Adobe offers a tool (Access.Adobe.Com) which converts PDF into HTML or text for this purpose. Note that this is not the same as a regular PDF-to-HTML converter, which would aim to preserve the visual appearance of the document as far as possible; Adobe Access focuses on stripping out graphics elements, and arranging the text content into an approximate "reading order". For documents with complex visual layout or graphics, any conversion tool may provide poor results.

There are several places on the web where you can find more information about designing accessible web materials.




Q.What guidelines should I follow when generating PDF documents? 

A. Providing good quality PDF files depends upon two things: the characteristics of your originals, and the options you use when converting them to PDF.

Optimizing original documents

The importance of fonts

When Acrobat Reader opens a PDF file, it renders the characters it contains in one of three ways: from fonts installed on the system, from fonts embedded in the PDF file, or by creating substitute fonts. (To see exactly how each font is handled, you can view the PDF file's font information in Acrobat Reader). The type of font you use can affect how text in your PDF file appears and prints. (It can also affect whether the text is searchable using the Acrobat viewer's search feature, but note that this is independent of searching PDF content with an internet search engine.)

If the characters in a PDF file display poorly, it is usually due to the choice of fonts in the original. In particular, if Acrobat Reader can't find the font installed on the system where it's being displayed, and the font isn't embedded in the PDF file itself, it uses a substitute font which may be a poor approximation to the original (unlike installed and embedded fonts, which should match appearance of the original, on whatever system they are displayed). When creating PDF files, you can avoid font problems and make sure your document's appearance is preserved cross-platform by taking a few simple steps.

TeX/LaTeX originals

There are two options (as of the summer 2000, Athena 8.4 release):

The following information applies if you are using a machine which has not been updated to Athena 8.4.

BaKoMa fonts are installed on Athena and can be used by creating a ~/.dvipsrc file consisting of the following line (or adding it your existing file):

     p +/afs/athena.mit.edu/contrib/tex-contrib/BaKoMa/fontmap.map
If you don't wish to use these substitutions every time you use DVIPS, you can either move aside the .dvipsrc file before running it, or leave the above line out of .dvipsrc and instead create a file named ~/.config.bakoma consisting of the same line as above and then use the syntax:

     athena% dvips -P bakoma foo.dvi
when you want DVIPS to use the BaKoMa fonts. 

For more information about posting TeX/LaTeX files on the web, see:

Originals from a word processor or other application (including spreadsheets and PowerPoint slides)
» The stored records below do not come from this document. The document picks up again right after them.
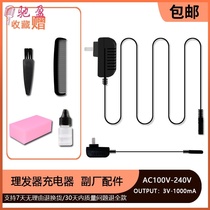 Chi Ying is suitable for Euclidean OS-518 558 hair clipper charger electric clipper power cord accessories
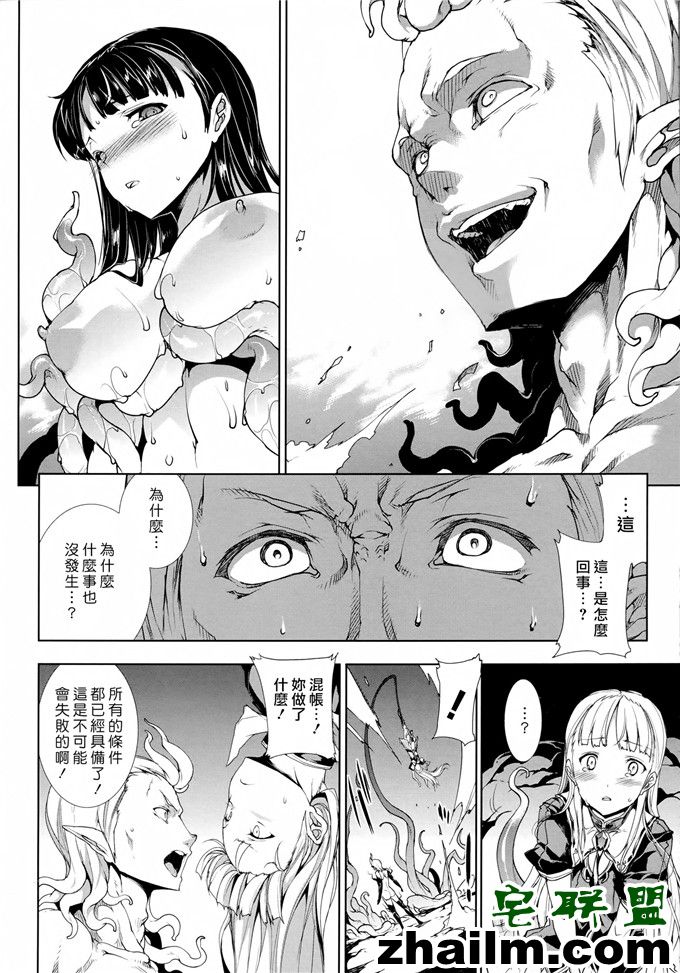 邪恶帝漫画,邪恶道大全集acg,邪恶道大全集全彩,邪恶帮,邪恶岛,邪恶吧,美少女战士漫画 小黑和小白触手侵犯漫画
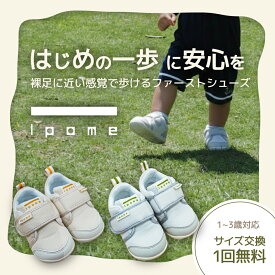 「1pome いっぽめ」ファーストシューズ 大学研究実証済み カラダの専門家が3年かけて開発　6サイズ展開 11.5〜14cm　サイズ交換1回無料　出産祝い ギフト対応　男の子 女の子
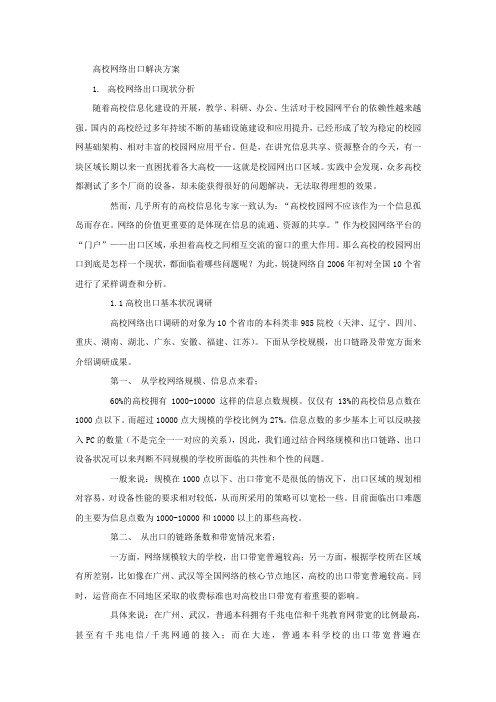 高校网络出口解决方案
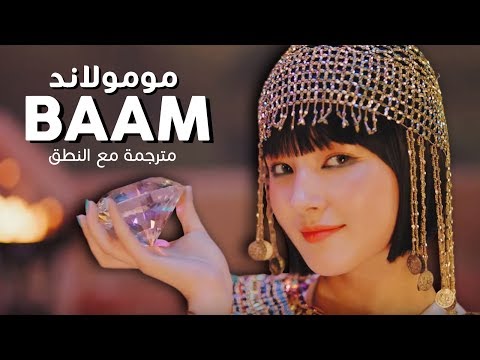     أغنية مومولاند مترجمة النطق
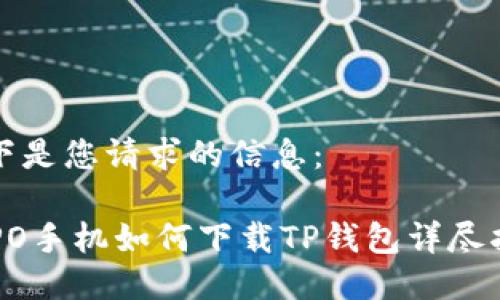 以下是您请求的信息：

OPPO手机如何下载TP钱包详尽指南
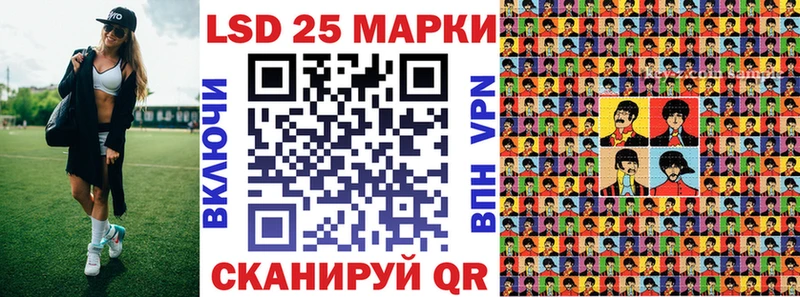 Наркотические марки 1,5мг  Семилуки 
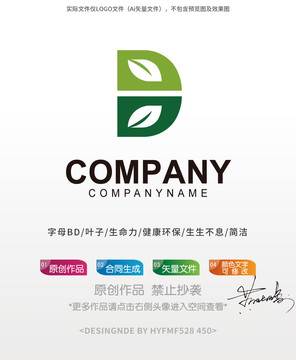 BD字母叶子logo标志设计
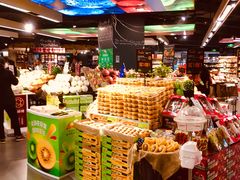 -Olé精品超市(上海虹桥南丰城店)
Acrobat Reader includes a set of standard fonts (called the "Base 13" Type 1 fonts) on all platforms: 

These fonts are always available, and should display properly on other systems. Unless you have a need for a particular font (for example, for special symbols), sticking to the Base 13 gives best results. Keep in mind that any other fonts you use may be rendered on other systems by "substitute" fonts which may display or print poorly unless you're able to embed them when you convert to a PDF file (see converting to PDF, below).
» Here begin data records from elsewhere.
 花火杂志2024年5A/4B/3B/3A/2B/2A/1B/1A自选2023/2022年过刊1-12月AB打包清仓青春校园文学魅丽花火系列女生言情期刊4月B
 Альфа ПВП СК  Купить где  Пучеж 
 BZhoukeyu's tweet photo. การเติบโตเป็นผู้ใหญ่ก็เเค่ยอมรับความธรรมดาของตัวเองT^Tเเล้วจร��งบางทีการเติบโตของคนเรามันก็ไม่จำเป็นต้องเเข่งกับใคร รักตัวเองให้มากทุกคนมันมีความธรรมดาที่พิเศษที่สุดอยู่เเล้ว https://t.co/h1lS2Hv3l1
Links to more information about fonts and PDF.

Scanned documents

If you are starting with a scanned document, take a look at the tips in Kai's Power Tip #4: Clean up faxes & scans.

Converting to PDF

Note: it is best to retain your original documents for future changes; while the full Acrobat suite has some features for modifying PDF files, for complete flexibility you would generally want to edit your originals and then convert them to new PDF files. To conserve space, we advise discarding any intermediate files used in the PDF creation process (e.g., TeX users should discard .dvi and .ps files, and retain only the original .tex file and final PDF version).

File size 

There are two issues here: number of pages in document, and the actual size of the file which Acrobat will send to the printer.

  1. We recommend that individual PDF files be limited to about 10 pages in length.While Acrobat Exchange can be used to chop up an existing PDF file, it's usually easier to split the original document into smaller chunks before converting it to PDF. If it is a complex document, there are table-of-contents and linking features that can be used for easy navigation.

  2. Ideally, you should not only keep the number of pages small, but also check whether your PDF files are suitable for Athena printing (i.e., how big the postscript file Acrobat sends to the printer will be). If this sounds too complicated or time-consuming, we're happy to take a look at what you plan to post and advise you of problems we find...Otherwise:

Acrobat compatibility setting 

The newer versions of Acrobat Distiller offer different "compatibility options": selecting 2.1-compatibility will allow your PDF files to be viewed by people who are using an Acrobat 2.1 or earlier viewer; selecting 3.0-compatibility will optimize your PDF files, but they won't be readable from viewers older than 3.0. 

Dealing with fonts 

There are three options for handling each font in the file: 

1. Embed the font.  This "packs" the font into the PDF file itself, so the PDF Reader can recreate it on other systems for display faithful to the original.  This makes the PDF file larger, and is not necessary for fonts which are already installed on the system (e.g., the Base 13 Type 1 fonts, which are installed by Acrobat Reader on every system).  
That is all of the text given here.